И еще я тогда же впервые видел летящего лебедя. Это было ближе к концу зимы, когда стаи у пустых серых пляжей мало-помалу редеют (почему то первыми улетают взрослые птицы, а молодежь задерживается дольше всего). Я возвращался по Набережной из центра города, а лебедь летел мне навстречу, к центральному пляжу – к тому самому, на котором, по понятиям моего детства, местным купаться зазорно (ибо туда ходят в основном приезжие), от первого пляжа в моей жизни, покинутого его собратьями. Он летел, так устремлено вытянув вперед неподвижную шею и в то же время так размеренно размахивая крыльями, словно в Зазеркалье, где надо стараться изо всех сил, чтобы оставаться на месте, или словно бы само время незримою волной несло его вперед, а он только отмерял такт в движении этой волны.
А тот пляж, покинутый уже его стаей, в моем детстве назывался «Белой дорожкой», из за нескольких крупных и плоских белых камней, устилавших в одном месте дно от берега. Интересно, помнит ли кто еще это название?
Здесь, на этом пляже, однажды приключилось со мною одно из самых характерных для меня безумств, когда мне показалось, что я увидел там Наталью. Однако прежде позвольте разсказать одно присловье.
Вверх от пляжа короткими отрезками, параллельными берегу, поднимаются пятиэтажныя хрущобы. Последния из них стоят лицом друг к другу по сторонам длинного проспекта, уходящего за пределы города, словно преграждая дорогу к морю частным домишкам (некоторыя, впрочем, умудрились зацепиться за свои клочки земли между этими панельными бараками). Из самого последнего ряда к морю выходит двор моей школы, а на углу, где этот проспект пересекается с улицей, что длительно спускается к морю от старого кладбища, некогда вдруг вырос бетонный забор. Когда именно это случилось и что там было до него, теперь уже никто не вспомнит.
Долго ли коротко стоял он, выпячивая толстые серые бока в крупной квадратной чешуе на проходящих мимо людей и проезжающия машины, да все молчал, как однажды вдруг исчез. А вместо него чуть ли не первого сентября того года, когда я пошел в пятый, помнится, класс, появился киоск «Соки-воды».
Точнее, даже не киоск, - павильон, обшитый темно-красными, с блеклыми вкраплениями, панелями из тонкого, ломкого пластика, светлый и очень аккуратный, словно ухоженный сын обезпеченных родителей. Внутри, на всегда чистых окнах висели всегда чистыя занавеси, на прилавке стоял обычный тогда аппарат: три длинных стеклянных конуса, соединенных так, что могли кружиться, с винтовыми краниками на острие, из которых в стаканы лились разноцветные ароматные соки: золотисто-зеленый яблочный, темно-фиолетовый виноградный, серебристый, с бледно-зеленым оттенком, березовый, томатный, для которого на высоких круглых, всегда чисто вытертых столах были разставлены белыя солонки, и крайне редко – апельсиновый.

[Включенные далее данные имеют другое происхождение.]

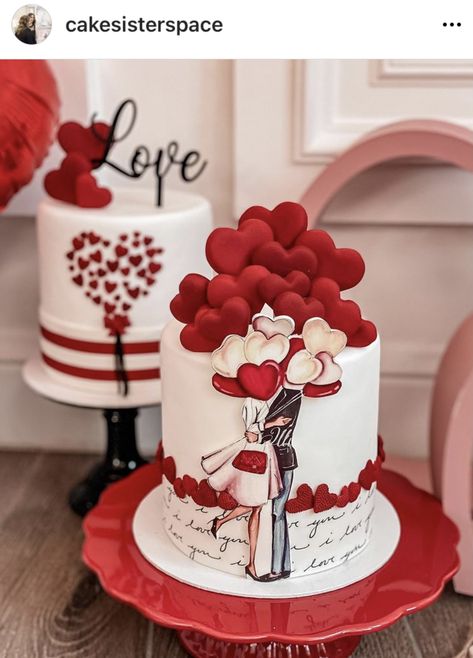 Edible Cupcakes, Edible Print Cake, Happy Anniversary Gift, My Happy Birthday, Cake Varieties, Valentines Cake, Bolo Red Velvet, Cake For Boyfriend, Fondant Cake Designs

Мы - те, кто жил дальше этого перекрестка - заходили сюда ежедневно после уроков ради небольшой сладкой передышки. Выпивал каждый как правило, не меньше двух стаканов. Я, например, чаще пил томатный. Но самым сладким напитком для всех нас был тогда молочный коктейль из мороженного и фруктового сиропа, стоивший тринадцать копеек. Наталья жила дальше и выше всех нас, в микрорайоне, тогда только что построенном в самом высоком, открытом всем ветрам месте этой части города, в начале улицы, бывшей некоторое время его юго-западною границей. Перейдя дорогу от павильона, она садилась на троллейбус и ехала почти до конечной остановки, в ту пору совсем еще недавно поставленной. Иногда, если было желание, я тоже садился на троллейбус и проезжал две свои недлинныя остановки почти до самого своего подъезда. .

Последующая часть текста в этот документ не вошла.